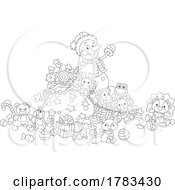 Poster, Art Print Of Black And White Christmas Snowman With A Sack And Toys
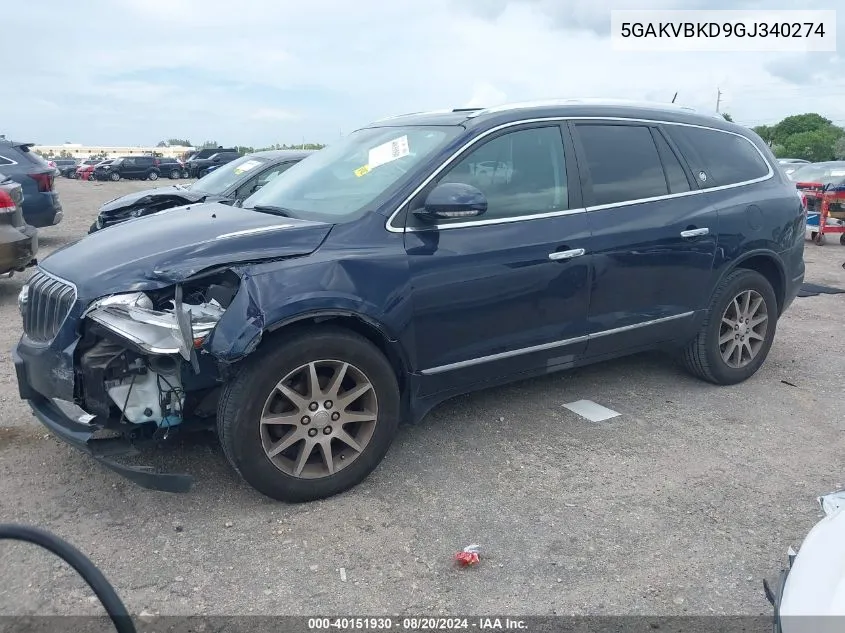 5GAKVBKD9GJ340274 2016 Buick Enclave Leather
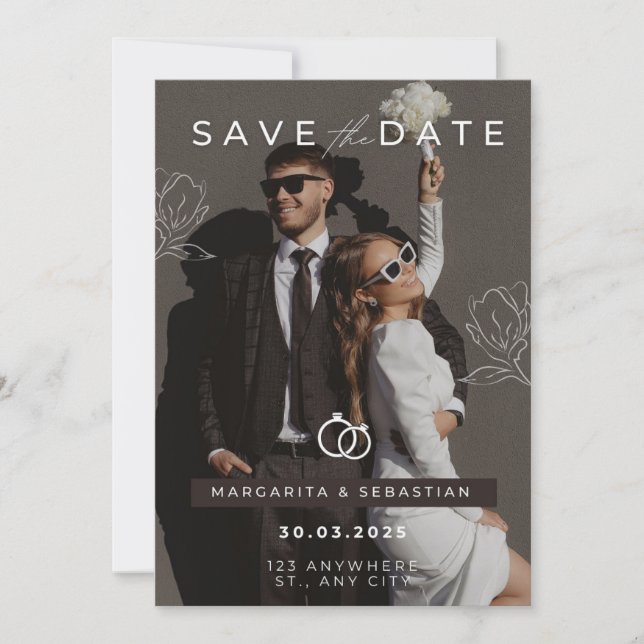 Brown white minimalist wedding invitation (Front)
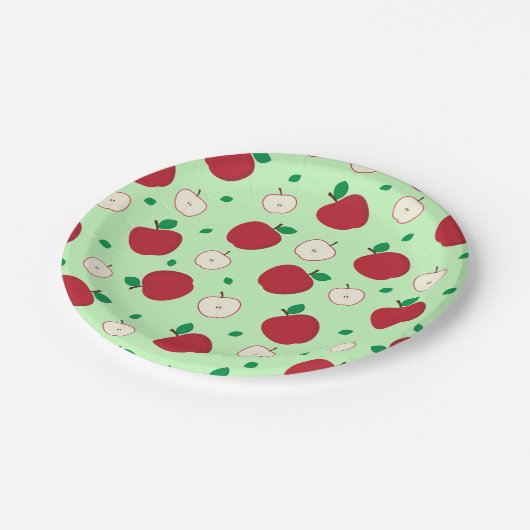 Rotäpfel und halbierte Äpfel Papier Teller (Schrägansicht)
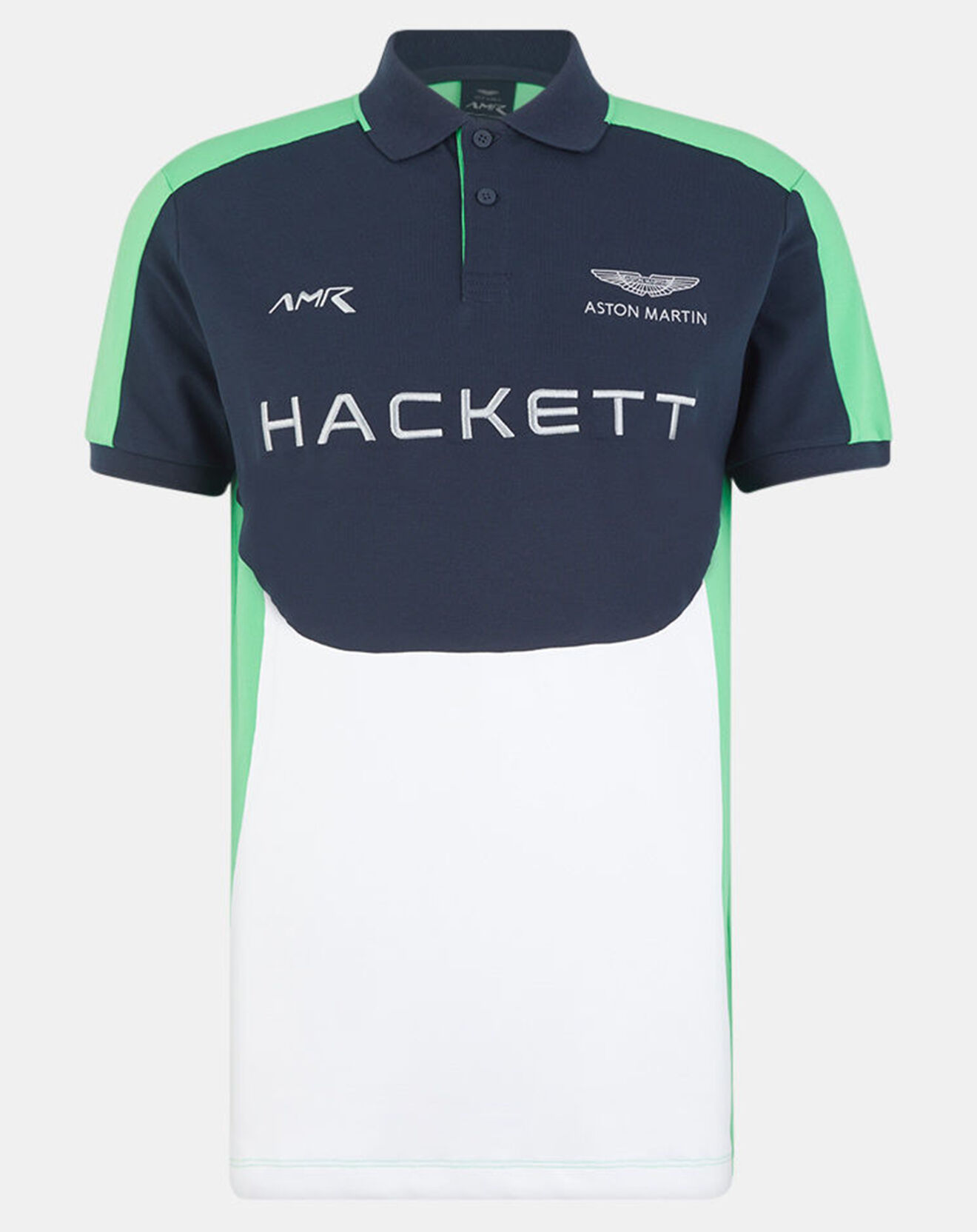 Hackett London Polo Droit Multi Patch Aston Martin Racing bleu/blanc/vert fluo
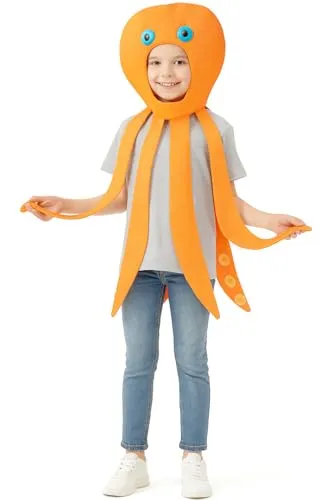 Corimori Oktopus Kostüm-Haube für Kinder in orange von Corimori
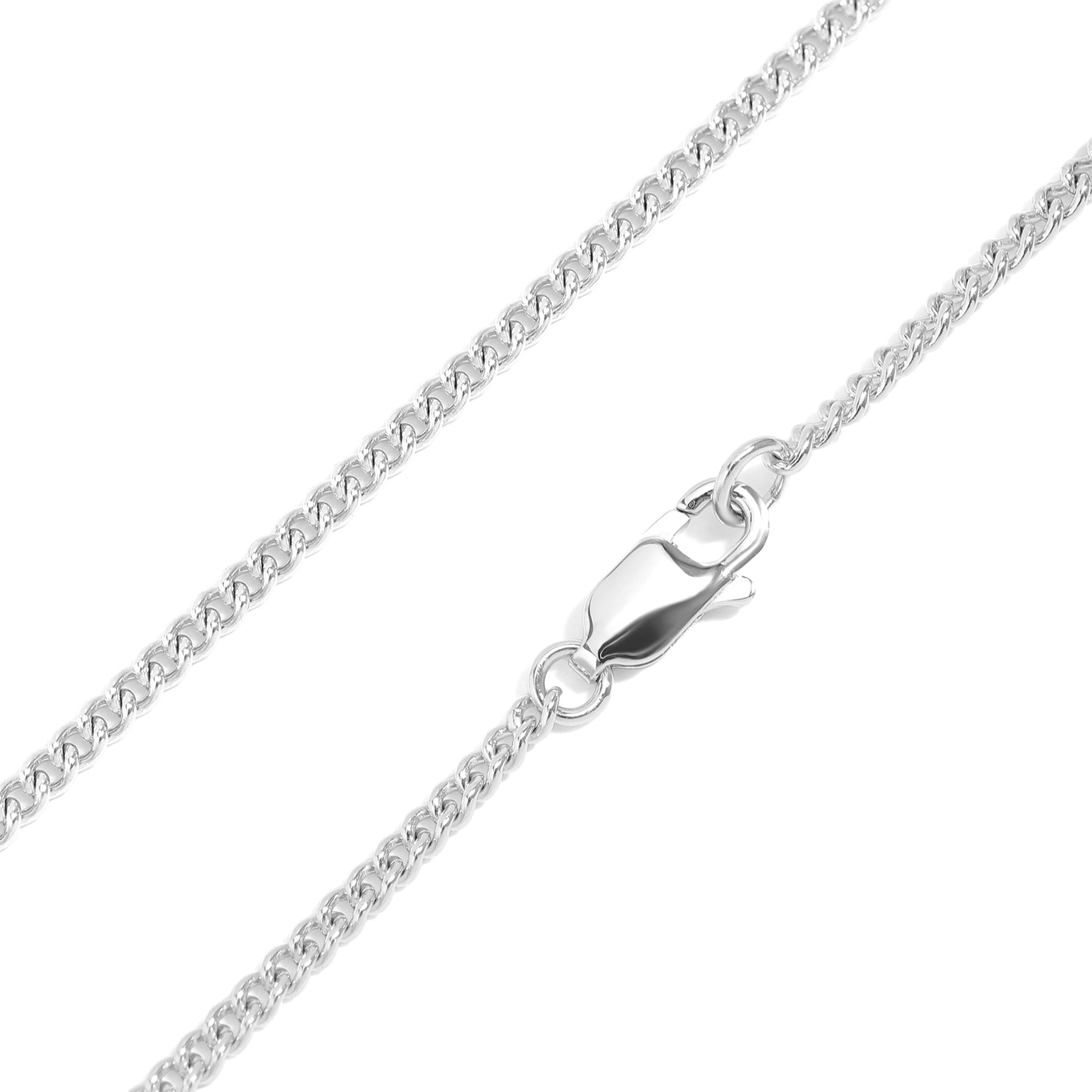 Sterling Silver Platinum Plated Diamond Cut Curb Chain / SSC0002、mySite、dreamappss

§ **EXERCISE REQUIREMENTS**: Restrict the output to the lines from the one with "Rotäpfel und halbierte" through the last line of the material above. Print them exactly, leaving out every picture.

§ **WRITTEN SOLUTION**:
 Rotäpfel und halbierte Äpfel Papier Teller (Schrägansicht)
 Hackett London Polo Droit Multi Patch Aston Martin Racing bleu/blanc/vert fluo
 Corimori Oktopus Kostüm-Haube für Kinder in orange von Corimori
 Sterling Silver Platinum Plated Diamond Cut Curb Chain / SSC0002、mySite、dreamappss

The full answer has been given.